Infinite hierarchical contrastive clustering for personal digital envirotyping
Ya-Yun Huang, Joseph McClernon, Jason A. Oliver, Matthew M. Engelhard
TL;DR
This work tackles the challenge of envirotyping by automatically clustering daily-environment images into an unbounded set of personal environments and their higher-level types. It introduces infinite hierarchical contrastive clustering (IH-CC), combining a stick-breaking prior on cluster probabilities with a participant-specific head to induce meaningful intra- and inter-participant structure, trained end-to-end with a composite loss. On two cohorts, IH-CC identifies coherent environment clusters, reveals environment-type groupings shared across participants, and links environment clusters to smoking-related health outcomes, illustrating the method's potential to advance envirotyping.

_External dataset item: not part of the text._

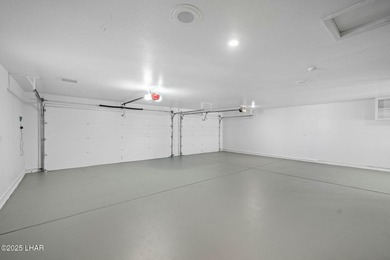 Welcome to this inviting single-family home situated along the on London Bridge Golf Course in Arizona - for sale on GolfHomes.com, golf home, golf lot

The approach offers a scalable, data-driven pathway to quantify how daily environments influence health and behavior, enabling environment-aware interventions.
Abstract
Daily environments have profound influence on our health and behavior. Recent work has shown that digital envirotyping, where computer vision is applied to images of daily environments taken during ecological momentary assessment (EMA), can be used to identify meaningful relationships between environmental features and health outcomes of interest. To systematically study such effects on an individual level, it is helpful to group images into distinct environments encountered in an individual's daily life; these may then be analyzed, further grouped into related environments with similar features, and linked to health outcomes. Here we introduce infinite hierarchical contrastive clustering to address this challenge. Building on the established contrastive clustering framework, our method a) allows an arbitrary number of clusters without requiring the full Dirichlet Process machinery by placing a stick-breaking prior on predicted cluster probabilities; and b) encourages distinct environments to form well-defined sub-clusters within each cluster of related environments by incorporating a participant-specific prediction loss. Our experiments show that our model effectively identifies distinct personal environments and groups these environments into meaningful environment types. We then illustrate how the resulting clusters can be linked to various health outcomes, highlighting the potential of our approach to advance the envirotyping paradigm.